PepsiCo is the cheapest of the three companies on a multiples basis with a respective PE and forward PE multiple of 17.4x and 15.8x. This is due to poor execution over the past few years (the stock underperformed Coca-Cola by 3,660 bps over the past 5 years) and a weaker brand image. Many shareholders have rightfully called for the dismissal of Chairman & CEO Indra Nooyi, or at least an independent Chairman that does not have a direct link with management (whom they pay). PepsiCo currently offers a 3.1% dividend yield with a low beta of 0.5.
On the positive side, I am attracted to the company's wide diversification across the food and beverage industry. They own Lay's, Ruffles, Doritos, SunChips, Quaker oatmeal, Aunt Jemima syrups, Cheetos, 7UP, Tostito's, and, of course, Pepsi, among others. This top brand provides a sustainable stream of free cash flow.
This stock will improve its brand portfolio even more when it opens a dairy line that directly targets positive secular trends in the United States. Whether it’s proposed regulations on soda size in New York City or greater concern over the effects of obesity, soda consumption has numerous headwinds to an upward trend. PepsiCo has already succeeded in the dairy market outside of the United States, but this doesn't necessarily translate to domestic success. Cultures are notorious for having differing beverage tastes, and PepsiCo's population with soda and junk food might not fly too well for those wanting to "build up bones". The firm will be partnering with Theo Mullar Group in Germany to release yogurt, which has become an increasingly popular food, in the United States.

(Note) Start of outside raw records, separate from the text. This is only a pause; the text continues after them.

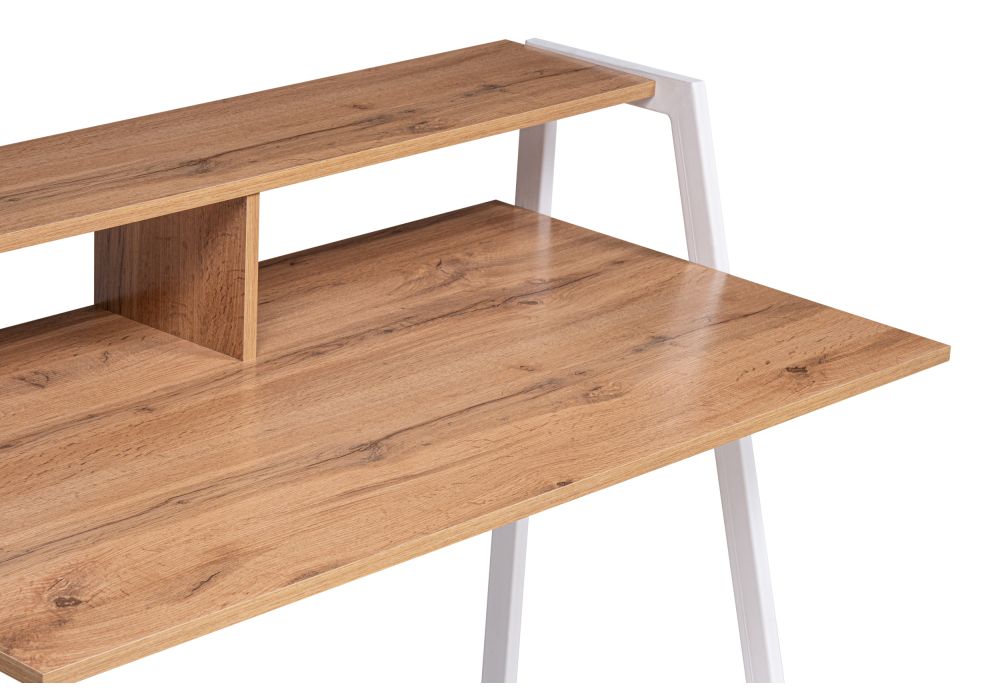 Письменный стол Аларо дуб вотан / белый матовый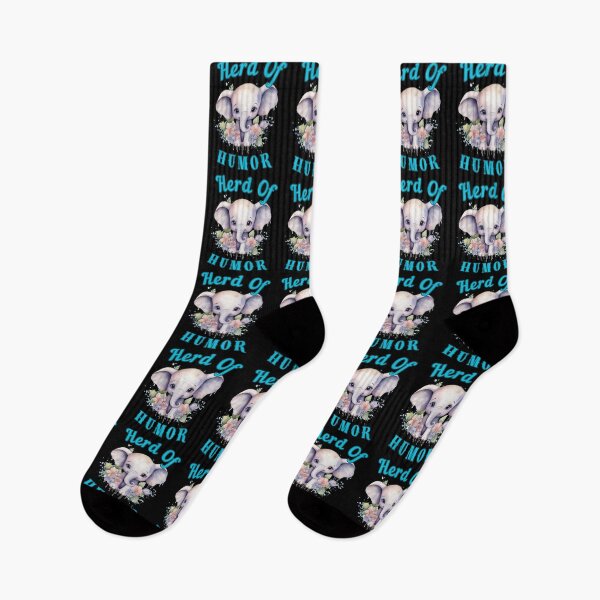 Item preview, Herd Of Humor. funny elephant designed and sold by ElephantVibes.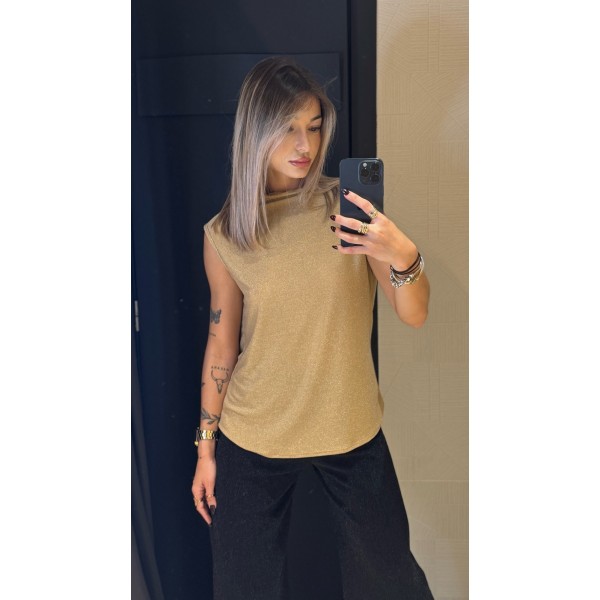 CAMISETA FIESTA DORADA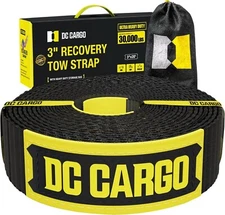DC Cargo Mall Recovery Tow Strap 3" x 20' 31,518lb Break Strength – Emergency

Coca-Cola is one of the Street's favorite stocks with a rating of a "buy" (source FINVIZ.com) despite elevated multiples of 20.4x and 17.3x past and forward earnings, respectively. For a company heralded for its defensiveness, Coca-Cola has a fairly low dividend yield of 2.7% and high leverage with a net debt position of $15.5B, or 8.9% of market value.
Investors should instead buy Coca-Cola as a reliable grower. Over the past 5 years, the iconic beverage producer yielded 7.9% annual EPS growth; it is expected to yield 9.6% annual growth over the next 5. This means 2016 EPS of around $5.58, which, at a 17x multiple, translates to a future stock value of $94.86. Discounting backwards by 7% yields a present value of $67.63, suggesting that the company is overvalued. No matter, Coca-Cola will remain more of a growth than a value play. A 4% annualized stock return plus 2.7% in dividend yields is pretty attractive when complemented by 50% less volatility than the broader market!
Fundamentally, Coca-Cola is also on the right track. Quality performance has been strong while high single-digit to double-digit expansion in emerging market point to and upside story. India grew spectacularly well at north of 20%. FX headwinds may hold back some value creation, but it won't deter further penetration and the company's ability to cross-promote new product lines. At the same time, management remains committed to returning free cash flow to shareholders.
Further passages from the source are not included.